The shelling grew louder as the afternoon progressed, and Dr. Becker boarded over the lower windows as best he could, pulling apart packing crates for the purpose. There were still gaps, but they weren’t man-sized. “Who knows what the Americans will do?” Frau Adelberg said. “They’re still men, after all, and if they’re anything like the Russians …” She stopped and looked at me. “Do you understand what I’m saying? When they come, you and Andrea must hide.”
“I understand,” I said. I hadn’t understood, when I’d been that protected princess in Dresden and the warning was coming from my parents, but all those women fleeing from the east had long since told me the tales. No female from eight to eighty was safe, they’d said. Some girls had even died of their injuries. Oh, I knew very well by now what she meant.
“Will you show me the kitchen now, please?” I asked. What use to worry about things that hadn’t happened yet? “You can explain your techniques so I’ll be prepared to work in the morning. What time will I need to get up?”
“I begin work at four,” Frau Adelberg said.
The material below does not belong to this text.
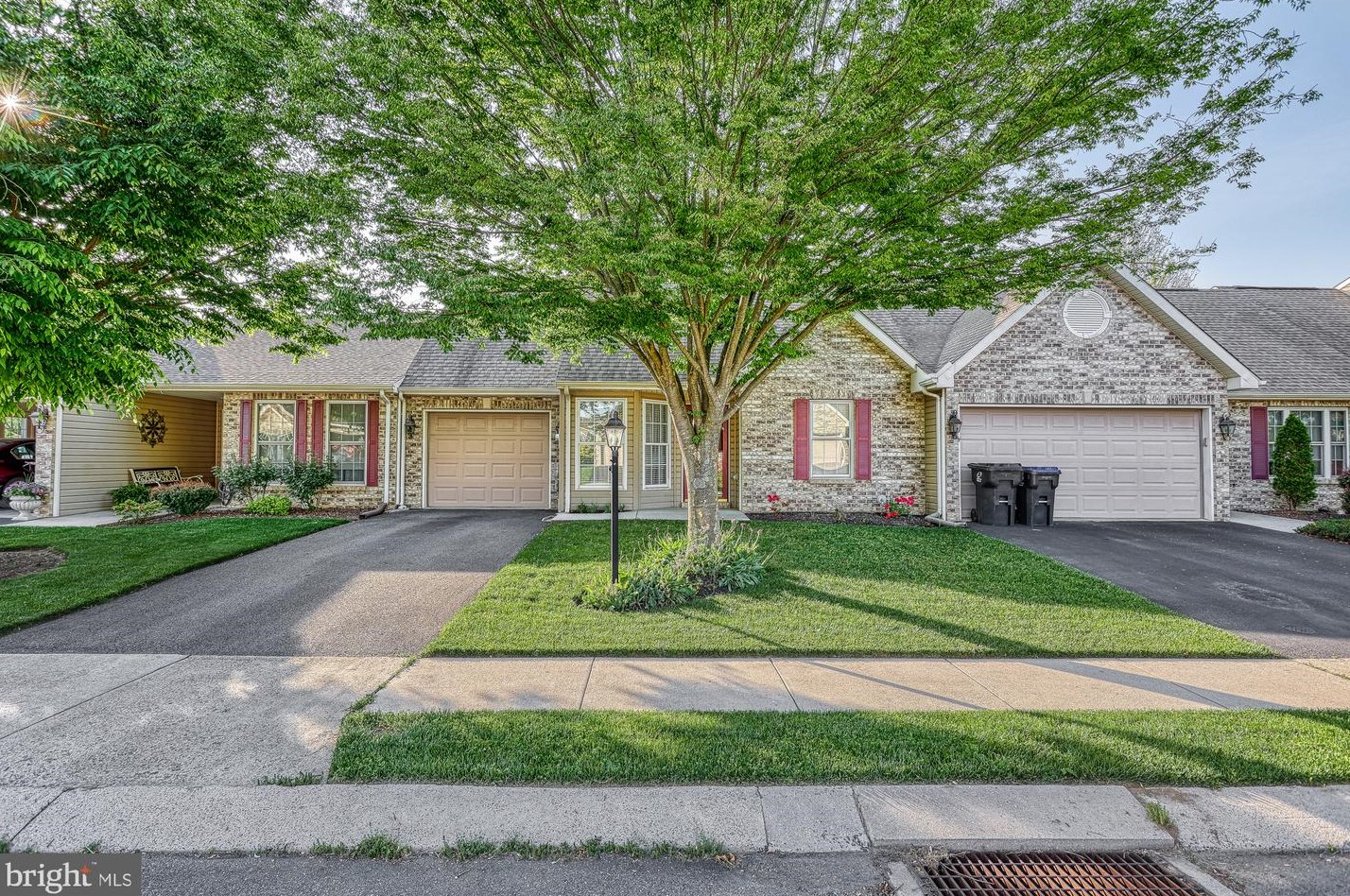 36 Summerfield Dr, Carlisle, PA 17015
“I think I’ll begin a little sooner,” I said. “I’m bound to be slow the first day. How about three-thirty?
It didn’t work out that way. Oh, I rose at three, right enough—Dr. Becker had slept with the two boys in one bedroom, while Andrea and I shared the other. What luxury, to share a room with only one other, and to once again have someplace to wash! The shooting and shelling continued through the night, but I slept straight through it, so accustomed was I now to odd discomforts.
In the kitchen, though, with the sounds of battle much nearer, Frau Adelberg said, “No customers will come today, surely. They’ll be hiding.”
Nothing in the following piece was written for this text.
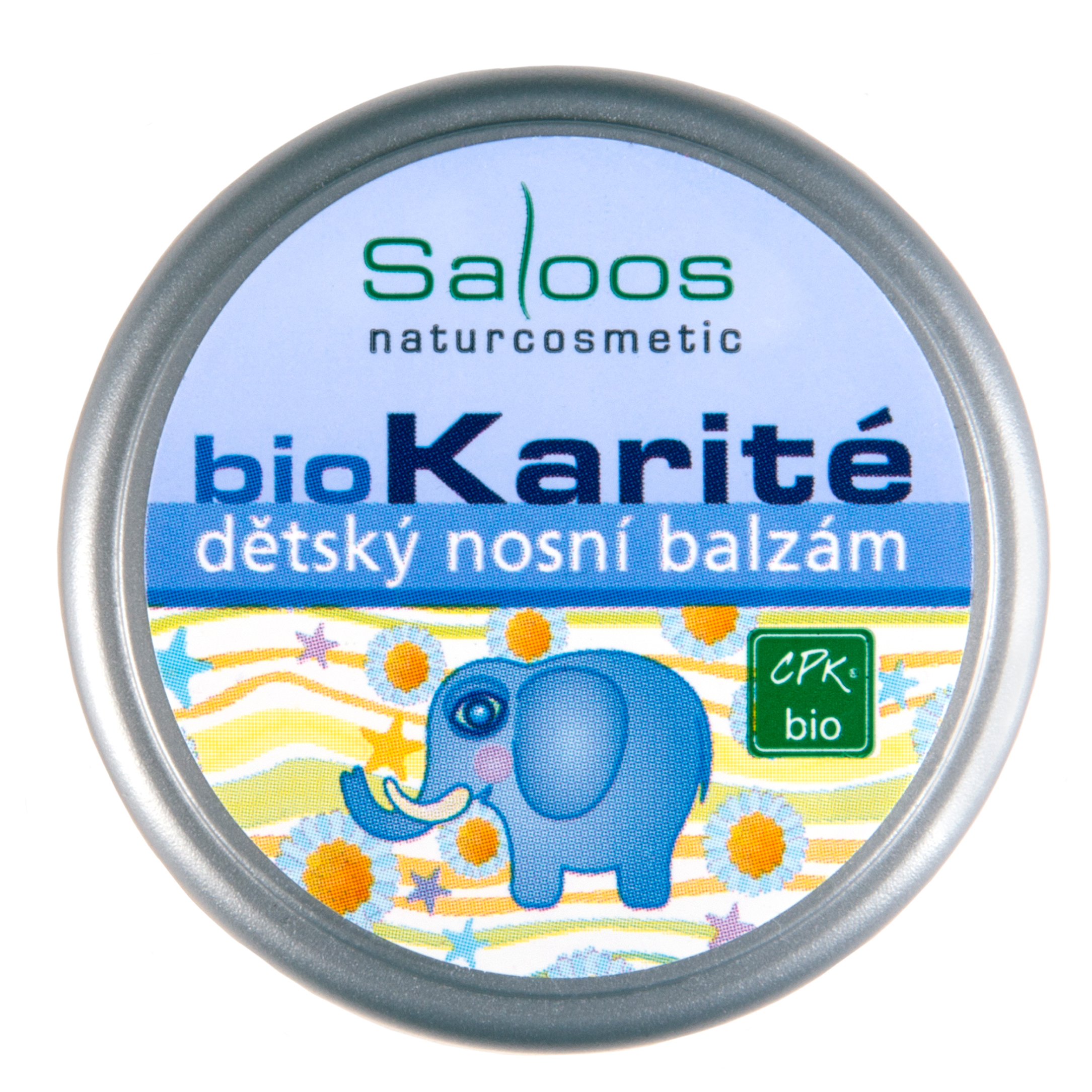 bio-karite-detsky-nosni-balzam-19ml-saloos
“Then I’ll make only enough bread for us,” I said. “That works out perfectly—I can learn without being anxious that I’ll spoil the whole batch. As our flour supplies are low, I’ll bake potato bread this first time. That one, I know well.”
Frau Adelberg raised her arms and let them fall. “For one so young—” She shook her head. “You have the confidence of a queen. Or the foolhardiness.”
“Or both,” I said. “Almost certainly both. But please—watch what I do and correct me if I go wrong.”
I started by peeling, chopping, cooking, and draining a pot of potatoes—still the easiest foodstuff to come by, alas—then mashing them in an enormous commercial mixer in which they were nearly lost. The bowl held forty quarts! When the potatoes were well mashed but not gluey—I knew the difference, for I’d made that mistake more than once—I used some of the warm cooking liquid to dissolve the yeast, along with a scant teaspoon of precious sugar, before adding the mixture to the potatoes along with salt.
“The Holy Trinity,” Frau Heffinger had once told me, “sugar, salt, and butter. You cannot cook well without these.” Sacrilegious; but then, she was Lutheran.
I didn’t have butter, but I did have a bit of oil, so I added that to the potatoes along with the flour. As much wheat flour as I could bear to use up, and rye flour to stretch it. As the mixer ground slowly away, the dough began to look shaggy, as it should, less like mashed potatoes and more like bread. What a relief it was to know that the laws of baking, at least, hadn’t changed, whatever else went wrong with the world!
After the mixer had labored away for five or six minutes, I tipped the mound of dough out onto the wooden counter and finished the kneading by hand, partly to feel when the elasticity was right and partly for the pleasure of accomplishment. I’d put the dough in the oven with a pan of hot water, and then?—
The explosion was so unexpected, I jumped, banged my side against the counter—I’d feel that bruise tomorrow—then ducked, purely from reflex.
Frau Adelberg called from the bottom of the stairs, not venturing into the room, “You must come up now and hide!”